Solution Explanation: Maximum Average Subtree

This problem asks us to find the maximum average value of a subtree within a given binary tree. A subtree is defined as a node and all its descendants. The average of a subtree is its sum of node values divided by the number of nodes.

Approach:

The most efficient way to solve this problem is using Depth-First Search (DFS) recursively. The idea is to traverse the tree, calculating the sum and count of nodes for each subtree encountered. We keep track of the maximum average found so far.

Algorithm:

  1. Recursive Function dfs(node): This function takes a tree node as input and returns a pair: [sum, count].
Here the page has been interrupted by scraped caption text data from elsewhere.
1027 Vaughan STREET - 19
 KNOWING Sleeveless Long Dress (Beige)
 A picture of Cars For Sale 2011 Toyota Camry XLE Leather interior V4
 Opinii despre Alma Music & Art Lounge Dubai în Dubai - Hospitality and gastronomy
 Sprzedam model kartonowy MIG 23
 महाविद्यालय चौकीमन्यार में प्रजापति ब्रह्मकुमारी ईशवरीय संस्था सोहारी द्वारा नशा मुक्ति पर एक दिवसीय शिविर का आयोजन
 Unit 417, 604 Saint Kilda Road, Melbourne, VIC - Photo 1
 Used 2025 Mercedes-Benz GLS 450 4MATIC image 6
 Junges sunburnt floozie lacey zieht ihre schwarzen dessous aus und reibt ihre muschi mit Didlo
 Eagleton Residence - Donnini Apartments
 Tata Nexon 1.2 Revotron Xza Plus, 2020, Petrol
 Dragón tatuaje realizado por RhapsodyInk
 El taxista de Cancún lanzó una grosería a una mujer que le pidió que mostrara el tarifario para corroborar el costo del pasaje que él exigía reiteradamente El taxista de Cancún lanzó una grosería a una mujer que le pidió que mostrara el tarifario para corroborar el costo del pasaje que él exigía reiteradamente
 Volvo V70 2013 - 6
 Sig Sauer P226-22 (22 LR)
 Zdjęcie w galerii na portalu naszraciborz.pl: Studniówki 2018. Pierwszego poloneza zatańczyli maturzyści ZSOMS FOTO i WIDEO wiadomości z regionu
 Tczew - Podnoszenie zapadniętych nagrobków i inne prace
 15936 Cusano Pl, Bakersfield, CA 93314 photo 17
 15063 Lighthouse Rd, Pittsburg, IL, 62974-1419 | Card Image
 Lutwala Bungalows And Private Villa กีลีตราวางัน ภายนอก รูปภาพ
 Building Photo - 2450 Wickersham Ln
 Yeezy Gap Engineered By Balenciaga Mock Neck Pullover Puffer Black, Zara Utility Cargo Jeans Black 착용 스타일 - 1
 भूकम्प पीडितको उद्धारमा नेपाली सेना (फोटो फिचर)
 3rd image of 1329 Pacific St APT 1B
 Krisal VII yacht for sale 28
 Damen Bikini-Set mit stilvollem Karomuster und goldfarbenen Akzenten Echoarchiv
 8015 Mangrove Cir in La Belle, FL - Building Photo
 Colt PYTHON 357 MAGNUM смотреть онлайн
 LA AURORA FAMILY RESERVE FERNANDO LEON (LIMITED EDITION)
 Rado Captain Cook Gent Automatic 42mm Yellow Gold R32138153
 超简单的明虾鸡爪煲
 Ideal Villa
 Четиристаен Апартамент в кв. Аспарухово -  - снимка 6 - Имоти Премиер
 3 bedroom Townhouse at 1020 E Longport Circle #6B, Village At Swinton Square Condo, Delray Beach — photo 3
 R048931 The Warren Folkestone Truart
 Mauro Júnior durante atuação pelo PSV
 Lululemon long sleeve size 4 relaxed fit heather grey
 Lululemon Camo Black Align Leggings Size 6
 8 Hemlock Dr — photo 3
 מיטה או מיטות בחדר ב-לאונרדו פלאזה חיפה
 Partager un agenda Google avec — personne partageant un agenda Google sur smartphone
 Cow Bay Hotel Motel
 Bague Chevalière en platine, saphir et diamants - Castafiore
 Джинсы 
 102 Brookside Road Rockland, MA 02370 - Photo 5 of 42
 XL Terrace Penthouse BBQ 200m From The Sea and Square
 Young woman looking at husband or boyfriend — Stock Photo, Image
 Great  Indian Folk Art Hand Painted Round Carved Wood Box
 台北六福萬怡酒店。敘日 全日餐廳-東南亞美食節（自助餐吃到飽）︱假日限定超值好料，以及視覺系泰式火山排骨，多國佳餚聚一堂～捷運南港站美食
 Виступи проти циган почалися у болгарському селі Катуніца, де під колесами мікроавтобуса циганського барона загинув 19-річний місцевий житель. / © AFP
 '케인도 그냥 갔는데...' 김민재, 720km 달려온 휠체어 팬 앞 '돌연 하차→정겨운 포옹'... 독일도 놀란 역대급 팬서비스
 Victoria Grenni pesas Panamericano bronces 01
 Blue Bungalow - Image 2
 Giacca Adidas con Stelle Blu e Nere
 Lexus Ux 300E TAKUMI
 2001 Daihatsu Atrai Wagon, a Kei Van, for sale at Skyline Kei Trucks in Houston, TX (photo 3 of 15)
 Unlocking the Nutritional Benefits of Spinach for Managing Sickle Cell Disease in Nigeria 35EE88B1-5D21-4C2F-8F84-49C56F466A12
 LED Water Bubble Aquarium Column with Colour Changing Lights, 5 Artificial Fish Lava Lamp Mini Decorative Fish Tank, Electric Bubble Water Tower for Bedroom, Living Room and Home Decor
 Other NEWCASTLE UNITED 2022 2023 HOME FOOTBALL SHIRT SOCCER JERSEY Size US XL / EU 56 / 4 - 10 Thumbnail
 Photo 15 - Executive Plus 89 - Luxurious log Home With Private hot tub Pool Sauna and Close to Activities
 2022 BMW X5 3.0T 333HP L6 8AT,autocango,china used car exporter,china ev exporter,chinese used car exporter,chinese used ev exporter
  2. Base Case: If node is null (empty subtree), return [0, 0].

  3. Recursive Step:

    • Recursively call dfs() on the left and right subtrees to get their [sum, count] pairs.
    • Calculate the sum of the current subtree: node.val + left_sum + right_sum.
    • Calculate the count of nodes in the current subtree: 1 + left_count + right_count.
    • Calculate the average: sum / count.
    • Update the global maximum average (max_avg) if the current average is greater.
    • Return the [sum, count] pair for the current subtree.
  4. Main Function: Call dfs(root) to start the traversal and return the max_avg.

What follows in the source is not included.